Energy Finance Company (PFC), a state-run non-banking monetary firm, has filed a complaint with the Economic Offences Wing (EOW) against Gensol Engineering Ltd (GEL) for allegedly submitting falsified documents. This motion follows an investigation initiated beneath PFC’s anti-fraud coverage, following irregularities found throughout a routine credit standing overview. “PFC is actively pursuing additional actions within the instantaneous case and exploring all attainable choices,” the corporate acknowledged in its official launch.
The controversy erupted when credit standing companies tried to confirm documents submitted by Gensol, which offers photo voltaic consulting and engineering companies. As an alternative of the requested time period mortgage statements, Gensol is reported to have submitted “conduct letters” from Ireda and PFC alongside with “no objection certificates.”
Such documents are often required for withdrawing credit score rankings, not for the needs requested. PFC clarified it didn’t subject any letters to the credit standing companies concerned, specifically CARE and ICRA, information company PTI reported.
In January 2023, PFC sanctioned a mortgage of Rs 633 crore to Gensol Engineering as a part of its assist for the federal government’s electrical car (EV) adoption technique, beneath programmes like FAME and PM e-bus Seva. The funds have been meant to obtain 6,000 electrical autos, together with ₹587 crore for leasing 5,000 electrical 4-wheelers to BluSmart Mobility and Rs 46 crore for 1,000 electrical three-wheelers for cargo operations. Nevertheless, the three-wheeler mortgage was not utilised, and solely Rs 352 crore has been disbursed for the 4-wheelers.
“Repayments on the disbursed quantity had commenced with Rs 45 crore repaid, leaving a principal excellent of Rs 307 crore as on April 18, 2025.
“Till January 31, 2025, Gensol was servicing its dues often.
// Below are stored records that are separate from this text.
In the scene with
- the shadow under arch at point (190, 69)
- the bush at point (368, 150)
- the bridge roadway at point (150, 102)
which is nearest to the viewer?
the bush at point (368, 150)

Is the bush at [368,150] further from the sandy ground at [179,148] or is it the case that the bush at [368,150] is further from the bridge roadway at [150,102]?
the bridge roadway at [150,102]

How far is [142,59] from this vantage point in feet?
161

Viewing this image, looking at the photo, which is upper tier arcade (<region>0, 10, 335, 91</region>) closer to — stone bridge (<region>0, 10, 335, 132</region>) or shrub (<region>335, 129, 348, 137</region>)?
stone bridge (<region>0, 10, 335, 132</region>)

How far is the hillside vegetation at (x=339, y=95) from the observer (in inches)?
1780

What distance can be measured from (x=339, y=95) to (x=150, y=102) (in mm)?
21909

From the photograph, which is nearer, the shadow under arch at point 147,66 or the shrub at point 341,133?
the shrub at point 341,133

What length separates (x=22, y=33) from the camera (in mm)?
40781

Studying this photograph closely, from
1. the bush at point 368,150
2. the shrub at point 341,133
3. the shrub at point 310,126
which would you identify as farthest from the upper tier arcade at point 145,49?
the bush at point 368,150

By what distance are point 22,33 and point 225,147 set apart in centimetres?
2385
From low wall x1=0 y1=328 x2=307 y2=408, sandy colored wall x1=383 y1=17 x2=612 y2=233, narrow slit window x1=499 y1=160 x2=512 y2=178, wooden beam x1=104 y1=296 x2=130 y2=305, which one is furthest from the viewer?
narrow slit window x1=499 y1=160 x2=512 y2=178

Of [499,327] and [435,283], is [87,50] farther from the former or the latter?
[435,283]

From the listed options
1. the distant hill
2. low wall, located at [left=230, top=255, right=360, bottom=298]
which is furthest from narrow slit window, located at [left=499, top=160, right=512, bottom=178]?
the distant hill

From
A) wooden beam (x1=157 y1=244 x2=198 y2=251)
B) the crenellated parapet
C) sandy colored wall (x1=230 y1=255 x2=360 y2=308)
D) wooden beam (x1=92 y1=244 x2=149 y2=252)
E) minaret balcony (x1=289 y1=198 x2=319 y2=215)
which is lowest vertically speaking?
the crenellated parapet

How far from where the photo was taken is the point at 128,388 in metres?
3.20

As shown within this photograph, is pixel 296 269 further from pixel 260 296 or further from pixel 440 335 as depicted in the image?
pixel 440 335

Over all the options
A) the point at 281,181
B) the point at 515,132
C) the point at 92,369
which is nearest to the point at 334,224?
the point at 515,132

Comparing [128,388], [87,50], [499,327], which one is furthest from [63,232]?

In This autumn’25, PFC invoked the Debt Service Reserve Account (DSRA) to clear February and March 2025 dues,” the corporate mentioned, including “PFC is actively pursuing additional actions within the instantaneous case and exploring all attainable choices”.
As of now, Gensol has delivered 2,741 electrical autos, which have been hypothecated to PFC, in response to third-occasion verifications. In April 2025, Gensol repaid Rs 45 crore, leaving an impressive steadiness of Rs 307 crore.
The corporate was often servicing its dues till January 2025. Within the fourth quarter of FY25, PFC invoked the Debt Service Reserve Account (DSRA) to settle dues for February and March 2025. PFC holds additional monetary safeguards together with pledges on Gensol’s fairness shares, non-convertible debentures, and ensures from each Gensol Ventures Personal Restricted and its promoters.
The Securities and Alternate Board of India (Sebi) not too long ago took motion against Gensol Engineering and its promoters, Anmol Singh Jaggi and Puneet Singh Jaggi, in a case involving fund diversion and governance lapses. Sebi has barred them from collaborating within the securities markets till additional discover.
Moreover, Sebi has instructed Gensol Engineering Ltd (GEL) to droop the inventory cut up that was beforehand introduced by the corporate. The promoters have additionally been prohibited from holding the place of a director or key managerial personnel in any listed agency.
This motion was initiated after Sebi acquired a complaint in June of final 12 months relating to the manipulation of share value and funds diversion from GEL. Sebi has since been investigating the matter.